[RECORDED DATA]

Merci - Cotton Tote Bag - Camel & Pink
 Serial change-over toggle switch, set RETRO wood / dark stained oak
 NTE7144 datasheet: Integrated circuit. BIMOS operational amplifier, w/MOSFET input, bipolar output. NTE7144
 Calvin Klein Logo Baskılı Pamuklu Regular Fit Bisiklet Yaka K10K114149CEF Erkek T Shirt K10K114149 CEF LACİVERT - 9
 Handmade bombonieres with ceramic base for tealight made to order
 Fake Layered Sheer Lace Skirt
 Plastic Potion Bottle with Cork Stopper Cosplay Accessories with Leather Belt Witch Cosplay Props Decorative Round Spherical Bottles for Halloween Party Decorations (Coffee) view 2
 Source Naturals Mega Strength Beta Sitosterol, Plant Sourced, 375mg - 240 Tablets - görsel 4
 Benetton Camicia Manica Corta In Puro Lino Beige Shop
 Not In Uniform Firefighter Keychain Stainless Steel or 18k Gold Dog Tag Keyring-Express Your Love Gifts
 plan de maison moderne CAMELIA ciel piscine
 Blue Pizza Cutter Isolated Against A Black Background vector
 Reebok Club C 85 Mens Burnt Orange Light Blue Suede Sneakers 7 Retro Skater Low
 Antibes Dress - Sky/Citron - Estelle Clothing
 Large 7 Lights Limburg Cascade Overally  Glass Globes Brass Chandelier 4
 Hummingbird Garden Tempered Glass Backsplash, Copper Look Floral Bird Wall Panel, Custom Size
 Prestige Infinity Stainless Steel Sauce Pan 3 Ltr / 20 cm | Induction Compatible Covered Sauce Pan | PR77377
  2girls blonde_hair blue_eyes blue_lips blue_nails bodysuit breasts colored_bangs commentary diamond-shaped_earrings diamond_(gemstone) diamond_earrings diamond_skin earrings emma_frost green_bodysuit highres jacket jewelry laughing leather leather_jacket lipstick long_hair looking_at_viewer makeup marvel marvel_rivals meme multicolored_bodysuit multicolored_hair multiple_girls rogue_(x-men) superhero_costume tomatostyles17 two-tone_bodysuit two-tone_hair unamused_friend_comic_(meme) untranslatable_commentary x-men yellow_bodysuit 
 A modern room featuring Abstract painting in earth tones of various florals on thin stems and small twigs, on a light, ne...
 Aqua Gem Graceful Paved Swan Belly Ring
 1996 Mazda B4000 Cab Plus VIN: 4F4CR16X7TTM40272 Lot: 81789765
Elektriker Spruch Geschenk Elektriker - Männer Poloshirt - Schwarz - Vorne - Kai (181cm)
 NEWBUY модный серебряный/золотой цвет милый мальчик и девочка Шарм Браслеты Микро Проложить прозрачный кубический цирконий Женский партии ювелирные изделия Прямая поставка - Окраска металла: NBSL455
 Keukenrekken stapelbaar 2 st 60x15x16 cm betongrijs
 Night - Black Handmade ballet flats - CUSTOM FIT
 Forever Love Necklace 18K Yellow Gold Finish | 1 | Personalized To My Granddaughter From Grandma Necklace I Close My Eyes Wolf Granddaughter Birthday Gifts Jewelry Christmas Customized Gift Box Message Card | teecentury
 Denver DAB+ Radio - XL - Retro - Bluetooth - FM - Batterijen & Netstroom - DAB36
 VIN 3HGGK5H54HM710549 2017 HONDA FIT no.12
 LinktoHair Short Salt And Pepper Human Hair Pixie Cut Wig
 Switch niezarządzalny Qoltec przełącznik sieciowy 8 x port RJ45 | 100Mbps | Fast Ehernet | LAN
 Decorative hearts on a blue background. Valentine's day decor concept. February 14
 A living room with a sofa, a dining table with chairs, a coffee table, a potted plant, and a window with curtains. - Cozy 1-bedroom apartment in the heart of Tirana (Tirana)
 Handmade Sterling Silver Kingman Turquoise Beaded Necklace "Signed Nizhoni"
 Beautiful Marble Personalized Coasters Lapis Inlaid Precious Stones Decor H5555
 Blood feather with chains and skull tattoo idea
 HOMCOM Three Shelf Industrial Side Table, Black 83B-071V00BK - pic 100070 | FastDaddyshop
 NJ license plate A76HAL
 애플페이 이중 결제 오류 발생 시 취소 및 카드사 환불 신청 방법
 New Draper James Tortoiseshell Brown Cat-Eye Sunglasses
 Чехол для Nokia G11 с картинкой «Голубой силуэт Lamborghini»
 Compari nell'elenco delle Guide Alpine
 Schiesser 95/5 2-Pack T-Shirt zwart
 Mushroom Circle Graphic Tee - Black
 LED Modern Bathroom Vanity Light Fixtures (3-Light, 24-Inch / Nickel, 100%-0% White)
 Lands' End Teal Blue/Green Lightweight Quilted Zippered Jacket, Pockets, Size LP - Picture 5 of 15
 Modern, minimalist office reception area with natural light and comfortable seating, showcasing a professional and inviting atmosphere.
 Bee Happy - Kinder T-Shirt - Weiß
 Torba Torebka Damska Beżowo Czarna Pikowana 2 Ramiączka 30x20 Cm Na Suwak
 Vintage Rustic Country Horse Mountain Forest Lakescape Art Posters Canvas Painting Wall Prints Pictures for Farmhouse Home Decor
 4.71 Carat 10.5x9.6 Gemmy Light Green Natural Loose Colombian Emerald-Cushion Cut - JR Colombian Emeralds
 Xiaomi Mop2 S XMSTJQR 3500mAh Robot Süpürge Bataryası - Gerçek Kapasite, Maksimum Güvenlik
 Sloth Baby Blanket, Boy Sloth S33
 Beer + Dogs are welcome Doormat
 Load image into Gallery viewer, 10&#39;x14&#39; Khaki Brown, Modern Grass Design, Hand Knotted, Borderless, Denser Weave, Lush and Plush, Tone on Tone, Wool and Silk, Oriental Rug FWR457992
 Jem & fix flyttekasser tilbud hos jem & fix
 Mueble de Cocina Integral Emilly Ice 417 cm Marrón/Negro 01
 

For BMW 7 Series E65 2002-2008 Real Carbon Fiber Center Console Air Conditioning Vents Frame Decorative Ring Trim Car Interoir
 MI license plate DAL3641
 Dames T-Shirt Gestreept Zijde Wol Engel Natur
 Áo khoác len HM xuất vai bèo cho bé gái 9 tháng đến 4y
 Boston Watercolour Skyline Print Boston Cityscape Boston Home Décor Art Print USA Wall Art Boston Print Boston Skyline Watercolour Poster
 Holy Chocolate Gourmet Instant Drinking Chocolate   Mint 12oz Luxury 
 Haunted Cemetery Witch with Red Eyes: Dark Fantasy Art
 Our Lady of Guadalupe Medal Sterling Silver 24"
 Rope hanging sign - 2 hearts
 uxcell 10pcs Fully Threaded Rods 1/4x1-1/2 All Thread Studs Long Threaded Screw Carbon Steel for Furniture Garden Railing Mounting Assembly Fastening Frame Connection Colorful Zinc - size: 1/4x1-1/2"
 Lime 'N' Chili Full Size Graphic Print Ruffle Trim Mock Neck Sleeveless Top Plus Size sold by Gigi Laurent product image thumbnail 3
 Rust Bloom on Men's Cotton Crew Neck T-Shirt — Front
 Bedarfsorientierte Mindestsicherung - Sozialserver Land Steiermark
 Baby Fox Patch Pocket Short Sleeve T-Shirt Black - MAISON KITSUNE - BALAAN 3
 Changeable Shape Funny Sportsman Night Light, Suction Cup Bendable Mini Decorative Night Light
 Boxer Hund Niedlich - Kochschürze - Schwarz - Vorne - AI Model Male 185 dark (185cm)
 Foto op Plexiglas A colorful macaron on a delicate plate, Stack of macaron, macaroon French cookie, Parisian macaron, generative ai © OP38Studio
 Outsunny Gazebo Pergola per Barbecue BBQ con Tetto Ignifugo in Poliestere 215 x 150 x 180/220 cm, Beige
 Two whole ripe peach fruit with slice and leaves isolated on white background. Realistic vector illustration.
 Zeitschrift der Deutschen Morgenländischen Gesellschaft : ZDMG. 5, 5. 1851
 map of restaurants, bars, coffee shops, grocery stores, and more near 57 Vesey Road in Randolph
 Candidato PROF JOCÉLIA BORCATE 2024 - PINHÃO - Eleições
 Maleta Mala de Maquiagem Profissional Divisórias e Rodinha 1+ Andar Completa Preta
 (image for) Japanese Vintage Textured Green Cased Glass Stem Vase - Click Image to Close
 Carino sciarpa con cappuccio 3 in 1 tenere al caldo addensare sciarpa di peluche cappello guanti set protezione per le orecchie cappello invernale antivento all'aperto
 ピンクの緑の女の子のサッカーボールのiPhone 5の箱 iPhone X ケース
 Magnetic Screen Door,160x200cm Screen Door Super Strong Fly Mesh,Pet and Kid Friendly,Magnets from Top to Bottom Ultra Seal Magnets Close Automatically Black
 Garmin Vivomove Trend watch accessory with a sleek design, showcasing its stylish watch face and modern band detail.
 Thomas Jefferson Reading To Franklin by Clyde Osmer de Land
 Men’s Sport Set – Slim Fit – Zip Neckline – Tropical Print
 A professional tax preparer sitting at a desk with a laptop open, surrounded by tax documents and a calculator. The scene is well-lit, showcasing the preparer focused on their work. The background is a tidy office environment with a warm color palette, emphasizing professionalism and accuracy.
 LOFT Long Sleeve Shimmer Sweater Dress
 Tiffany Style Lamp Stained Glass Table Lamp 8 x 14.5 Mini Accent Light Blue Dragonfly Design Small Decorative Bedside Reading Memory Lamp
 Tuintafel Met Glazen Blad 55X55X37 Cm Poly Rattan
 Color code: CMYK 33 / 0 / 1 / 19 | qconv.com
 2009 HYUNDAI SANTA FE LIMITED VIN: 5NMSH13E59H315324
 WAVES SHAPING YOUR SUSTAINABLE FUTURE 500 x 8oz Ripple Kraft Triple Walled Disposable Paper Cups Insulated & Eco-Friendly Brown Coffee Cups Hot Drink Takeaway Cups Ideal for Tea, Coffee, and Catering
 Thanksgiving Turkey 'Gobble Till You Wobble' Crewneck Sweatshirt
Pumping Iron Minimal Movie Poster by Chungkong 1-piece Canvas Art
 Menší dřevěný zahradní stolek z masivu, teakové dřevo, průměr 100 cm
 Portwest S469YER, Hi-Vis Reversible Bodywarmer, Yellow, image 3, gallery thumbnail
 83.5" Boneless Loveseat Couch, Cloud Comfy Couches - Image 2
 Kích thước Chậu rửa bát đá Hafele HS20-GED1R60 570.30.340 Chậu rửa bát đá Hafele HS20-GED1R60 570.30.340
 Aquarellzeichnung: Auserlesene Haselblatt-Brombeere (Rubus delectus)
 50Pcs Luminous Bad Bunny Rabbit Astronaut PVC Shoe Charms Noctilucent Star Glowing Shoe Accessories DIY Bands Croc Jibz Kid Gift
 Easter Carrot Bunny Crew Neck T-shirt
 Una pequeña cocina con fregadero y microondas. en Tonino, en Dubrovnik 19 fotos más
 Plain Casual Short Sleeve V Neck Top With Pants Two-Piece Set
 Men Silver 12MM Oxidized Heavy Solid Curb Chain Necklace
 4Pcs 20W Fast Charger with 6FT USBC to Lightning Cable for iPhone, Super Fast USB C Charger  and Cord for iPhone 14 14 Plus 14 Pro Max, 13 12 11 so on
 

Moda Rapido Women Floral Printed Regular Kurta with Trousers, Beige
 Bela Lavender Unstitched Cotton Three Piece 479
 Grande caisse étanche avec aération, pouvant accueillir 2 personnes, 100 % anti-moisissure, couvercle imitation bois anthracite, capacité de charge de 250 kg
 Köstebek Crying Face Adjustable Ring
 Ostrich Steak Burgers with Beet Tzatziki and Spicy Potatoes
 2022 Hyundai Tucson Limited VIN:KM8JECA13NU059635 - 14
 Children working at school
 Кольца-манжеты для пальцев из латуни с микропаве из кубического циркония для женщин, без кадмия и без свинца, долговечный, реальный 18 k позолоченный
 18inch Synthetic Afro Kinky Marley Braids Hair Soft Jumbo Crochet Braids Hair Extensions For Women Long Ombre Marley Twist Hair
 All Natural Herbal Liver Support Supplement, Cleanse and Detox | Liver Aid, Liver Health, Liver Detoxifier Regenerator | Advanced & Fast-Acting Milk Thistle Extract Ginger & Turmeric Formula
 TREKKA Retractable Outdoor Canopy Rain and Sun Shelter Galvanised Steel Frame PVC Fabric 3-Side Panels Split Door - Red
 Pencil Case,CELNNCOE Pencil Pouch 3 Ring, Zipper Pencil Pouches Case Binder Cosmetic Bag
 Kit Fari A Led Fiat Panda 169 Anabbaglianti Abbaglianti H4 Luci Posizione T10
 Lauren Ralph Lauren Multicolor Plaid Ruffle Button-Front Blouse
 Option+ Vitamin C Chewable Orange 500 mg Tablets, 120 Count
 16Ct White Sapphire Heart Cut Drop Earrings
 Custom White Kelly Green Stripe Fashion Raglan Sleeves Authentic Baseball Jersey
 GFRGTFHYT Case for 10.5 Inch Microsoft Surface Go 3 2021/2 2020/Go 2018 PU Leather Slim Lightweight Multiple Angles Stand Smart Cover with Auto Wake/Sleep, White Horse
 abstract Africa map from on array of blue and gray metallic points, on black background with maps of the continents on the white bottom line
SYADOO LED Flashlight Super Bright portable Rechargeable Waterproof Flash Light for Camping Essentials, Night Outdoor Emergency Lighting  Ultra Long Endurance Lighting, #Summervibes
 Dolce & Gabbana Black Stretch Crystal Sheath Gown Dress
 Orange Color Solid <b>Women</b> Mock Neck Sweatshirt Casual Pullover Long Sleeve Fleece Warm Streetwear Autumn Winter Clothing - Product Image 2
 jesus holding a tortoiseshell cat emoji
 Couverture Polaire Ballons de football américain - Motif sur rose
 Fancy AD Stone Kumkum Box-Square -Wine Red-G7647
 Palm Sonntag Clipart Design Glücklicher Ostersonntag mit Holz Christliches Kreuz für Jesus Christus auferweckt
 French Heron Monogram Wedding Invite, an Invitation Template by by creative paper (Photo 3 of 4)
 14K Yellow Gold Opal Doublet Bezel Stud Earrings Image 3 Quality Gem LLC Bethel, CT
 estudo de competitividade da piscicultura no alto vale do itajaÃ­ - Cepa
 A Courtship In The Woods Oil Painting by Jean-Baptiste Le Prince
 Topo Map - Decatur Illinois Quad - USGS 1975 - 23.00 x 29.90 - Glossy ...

[/RECORDED DATA]

--- PROBLEM DETAILS ---
Write only the number of lines in the data above that include "license".

--- REPLY ---
2